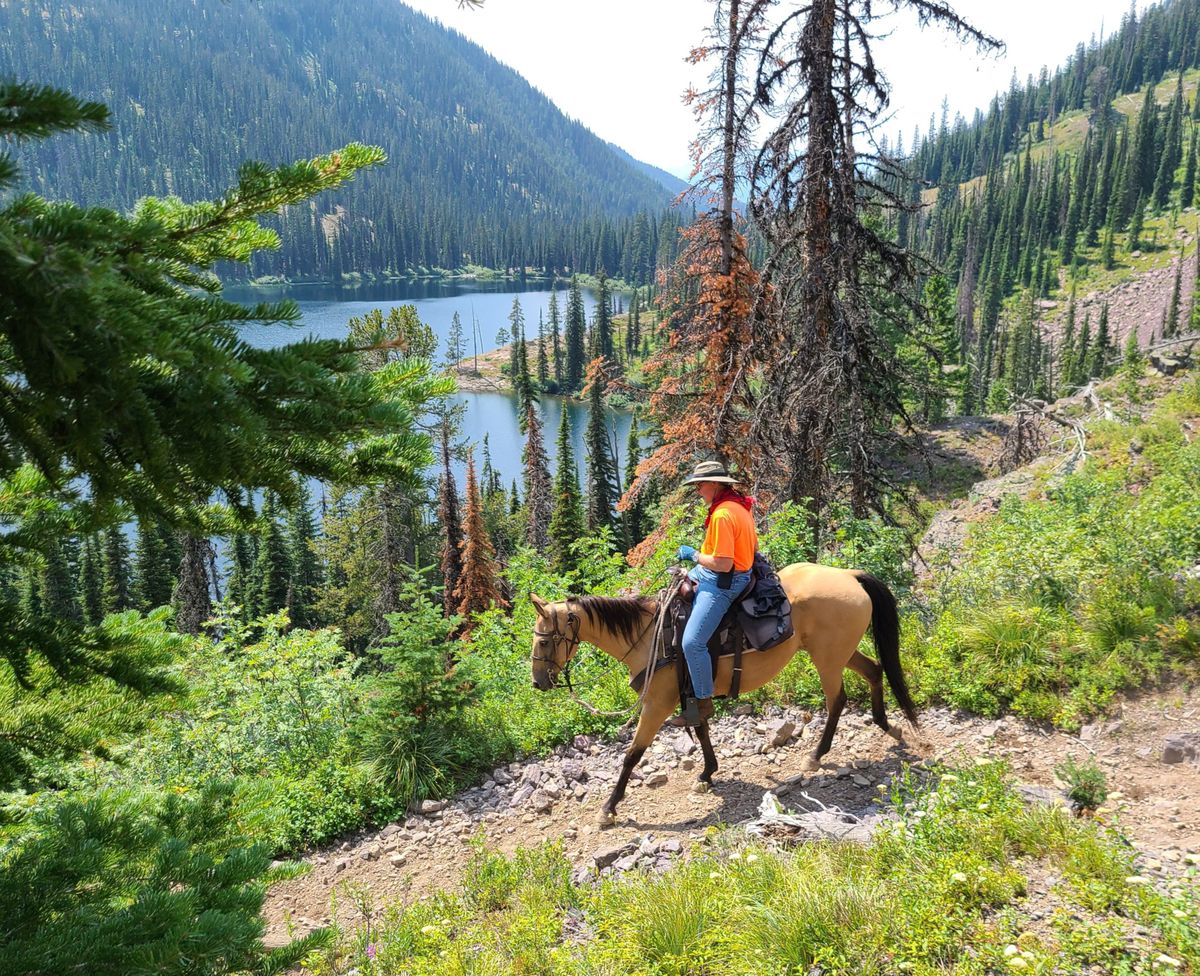 Passing Upper Holland Lake, a customer with Rich’s Montana Guest Ranch rides out of the Bob Marshall Wilderness on the last of a 10-day horsepacking trip in July-August.  (Rich Landers/The Spokesman-Review)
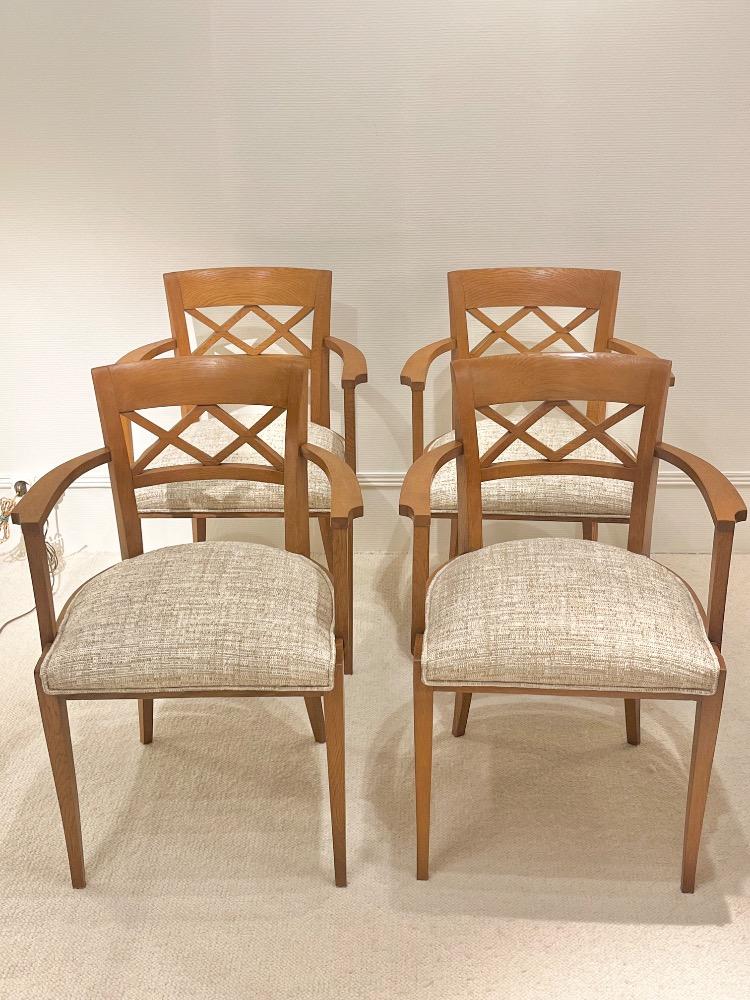Set of four oak  armchairs. France circa 1940.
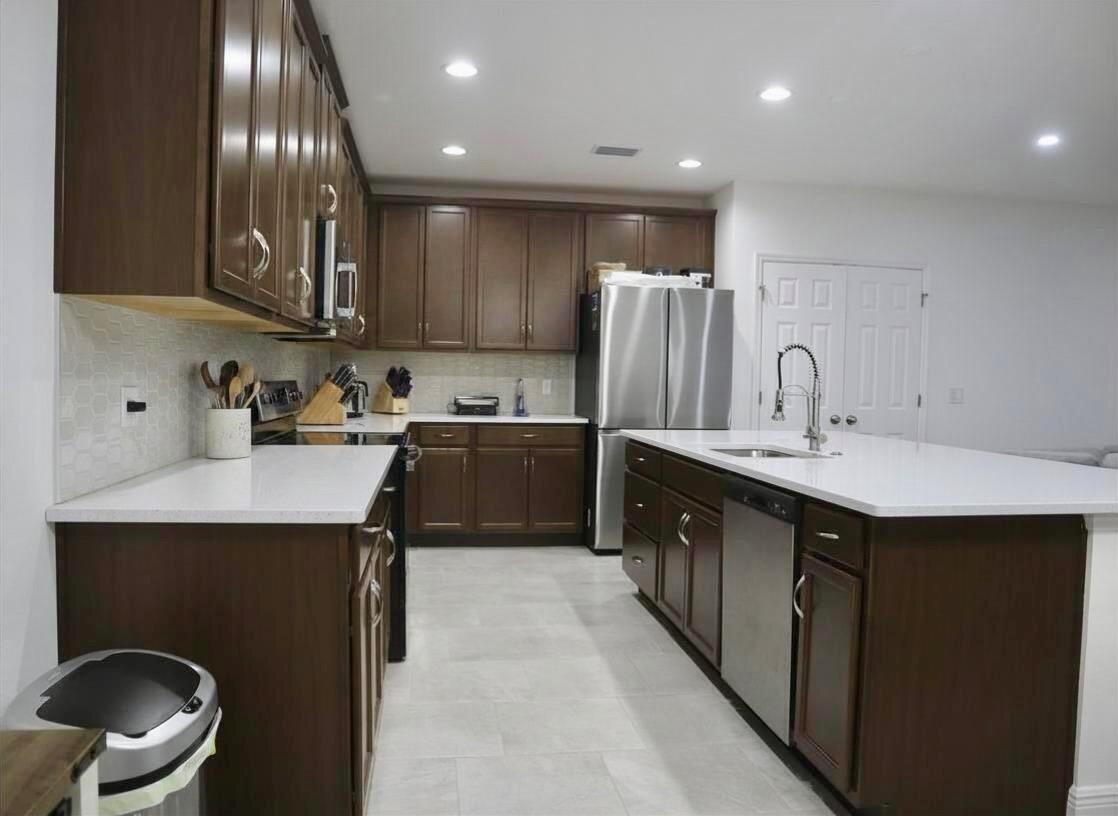 A kitchen features dark wood cabinets, white countertops, stainless steel appliances, and light tile flooring — 260 Hamlet Loop, Davenport FL 33837, DAVENPORT, FL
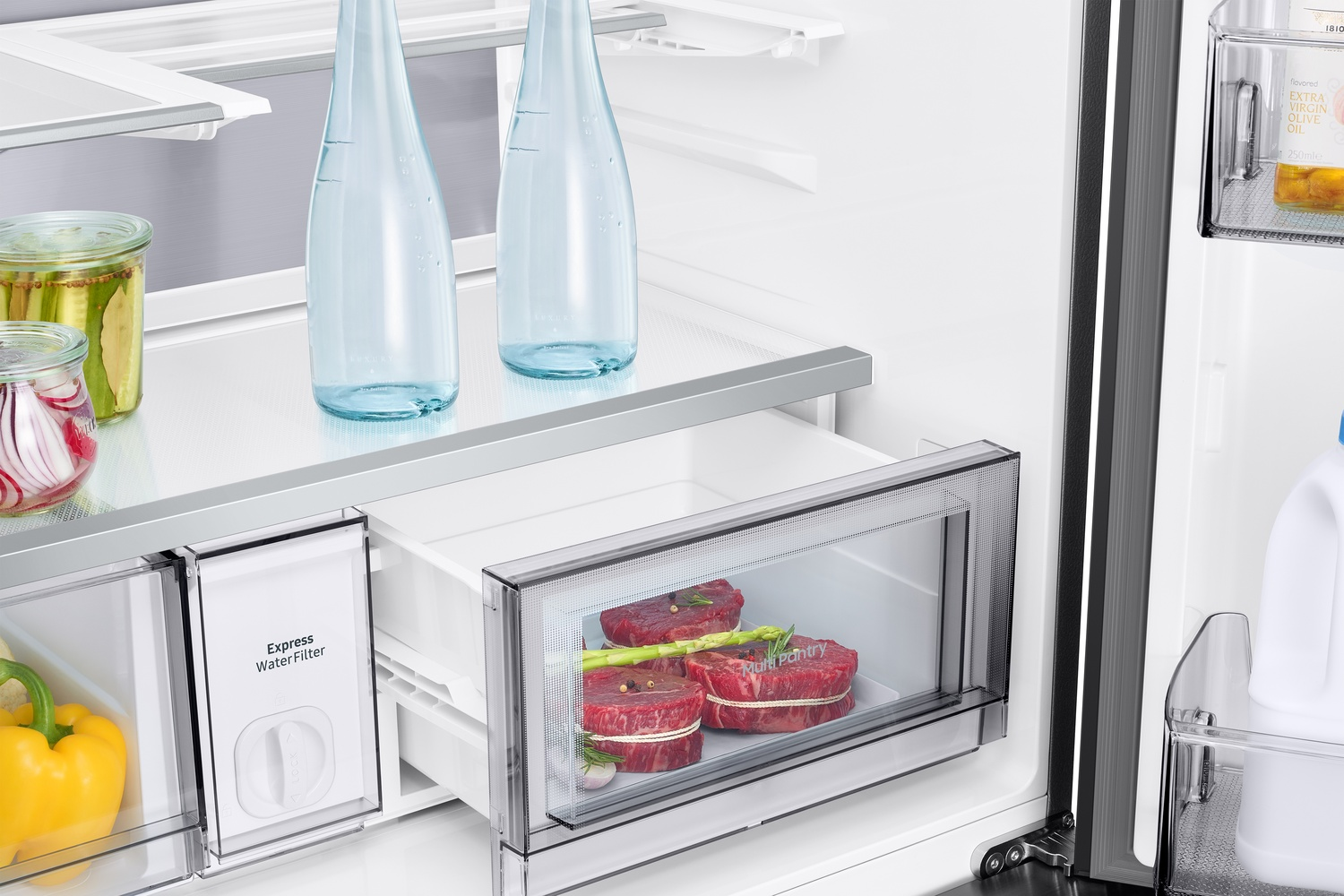 Un cajón de refrigerador con carne, botellas y frascos. Un pimiento amarillo abajo.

### Task to carry out
Copy the data word for word. Pictures do not go in the copy.

### Output for this task
 Passing Upper Holland Lake, a customer with Rich’s Montana Guest Ranch rides out of the Bob Marshall Wilderness on the last of a 10-day horsepacking trip in July-August.  (Rich Landers/The Spokesman-Review)
Set of four oak  armchairs. France circa 1940.
 A kitchen features dark wood cabinets, white countertops, stainless steel appliances, and light tile flooring — 260 Hamlet Loop, Davenport FL 33837, DAVENPORT, FL
 Un cajón de refrigerador con carne, botellas y frascos. Un pimiento amarillo abajo.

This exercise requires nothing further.